Bargain shopping at the exchange
Even a bear market could be the place where you try out your best investment strategies. At least, you cannot deny that this is a market for discounts. It does make sense to believe that you can get great discount deals on leading stocks when the Index is down in the dumps. So why not bargain shop, even though at drip-feed speed? At some point, the bull market shall return. And we will have enriched our portfolio by then.
The right balance
Diversification is one of the best stock investment strategies. In fact, a market that’s down in the doldrums gets a hand in glove with diversification.
Regarding balancing - at times like the present, some of your dearly held assets are said to be underperforming, while some assets that you ignored in the past are said to be performing rather well. In any case, it is prudent to sell some of your overperformers and buy some of the emerging stocks. The right balance between overperforming and underperforming assets has to be struck, particularly with an eye on portfolio asset allocation. Getting that diversified portfolio makeover might stand you in good stead a year down the road.
Long term perspective
The economic cycle decrees that there shall be volatility. All types of investment strategies will be of little avail if you don’t understand the recurring nature of volatility. So you have to keep building up our strength for high conviction stock collection until the markets feel normal again.
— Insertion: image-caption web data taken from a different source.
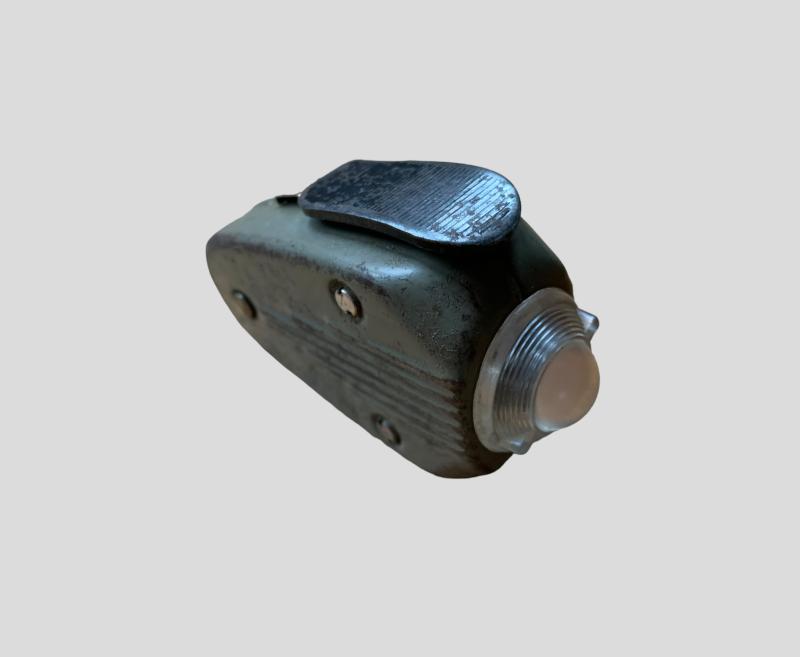 Dutch WWII Flashlight 'Knijpkat'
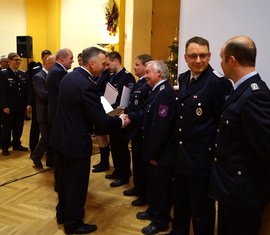Auszeichnung mit dem Ehrenzeichen des KFV u.a. durch Unterverbandsleiter Jürgen Mönch (vorne)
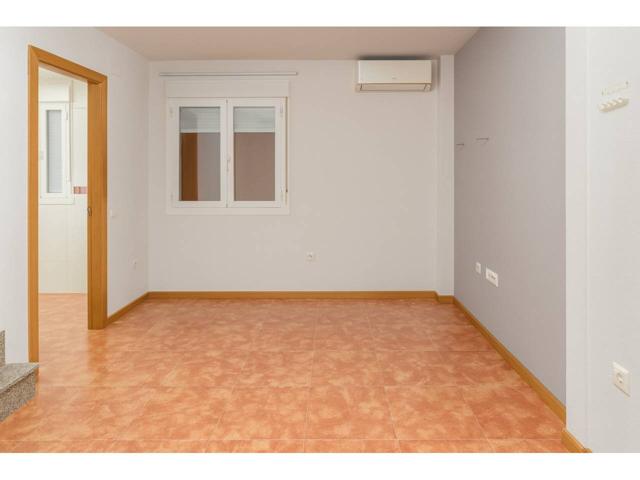 Duplex en venta en El Viso de San Juan photo 0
Stock investment strategies: approaches
Your financial situation, investing goals, and risk tolerance determine the choice of Stock investment strategies.
Value investing
A value investor generally buys into strong companies trading at the current time at prices so low as to be quite the opposite of a true reflection of the company’s true value. So, for example, designer brands at great discounts - is one way of looking at value investing
As mentioned above, bargain shopping is one of the best stock investment strategies.
Growth investing
Though otherwise similar in their views and outlook, growth investors are differentiated from value investors in that their focus is on relatively younger sectors/sector players showing promise of considerable growth in business and profit. Unlike value investors, these investors chose to buy a stock that is calibrated higher than its intrinsic value at that time. They do this because they believe that the inherent value will keep continually growing, thanks to a continuously high growth rate.
Conclusion
The investment strategy you use has to be a reflection of the times you find yourself in. although the sky is overcast, yet, given time, there shall be clear skies again. The main thing is to have the fundamentals firmly in place. Then, per your resources, you ought to be able to practice some portfolio rejuvenation, injecting new blood into it even as the markets inch their way towards post-Pandemic normalcy.